Pakistan Institute of Management
- Abbreviation: PIM
- Formation: 1954
- Founder: Government of Pakistan
- Founded at: Karachi, Sindh, Pakistan
- Type: Management training and development organization
- Purpose: To promote management development in Pakistan
- Headquarters: Management House, Shahra-e-Iran, Clifton Block 5, Karachi, Sindh
- Location: Karachi, Sindh, Pakistan;

= Pakistan Institute of Management =

The Pakistan Institute of Management (PIM) is a management training and development institute established in 1954 by the government of Pakistan. The institute is located in Karachi and offers a variety of training programs, professional diplomas, and certification courses for professionals in all areas of management.

==Recent developments==
In January 2023, Tasneem Ahmed Qureshi, who occupied the role of Special Assistant to the Prime Minister on Industries and Production, pledged full support for the progress of PIM. He highlighted the importance of training and the development of human resources as a crucial component for any organization, whether public or private.

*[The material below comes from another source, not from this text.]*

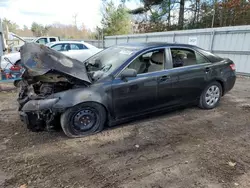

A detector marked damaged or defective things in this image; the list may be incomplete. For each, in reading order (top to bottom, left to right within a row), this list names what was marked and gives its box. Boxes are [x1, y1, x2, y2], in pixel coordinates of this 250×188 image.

damaged front end of car [18, 43, 92, 131]
crumpled hood [20, 43, 91, 83]
burned black sedan [18, 42, 235, 137]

He expressed his contentment with PIM's performance and commended the institute's accomplishments.

===Privatization===
In November 2023, the interim government tasked PIM with the job of reassessing the primary and secondary assets of Pakistan Steel Mills (PSM), including its legal, financial, and human resource obligations. This action was perceived as a part of the government's initiatives towards privatization.

==Collaboration==
PIM has entered into a Memorandum of Understanding (MoU) with the Virtual University of Pakistan. This agreement is aimed at fostering collaboration between the two institutions for capacity enhancement and training initiatives. The MoU was formalized by Naveed A Malik, the Rector of the Virtual University of Pakistan, and Muhammad Abid Hussain, the Director of PIM.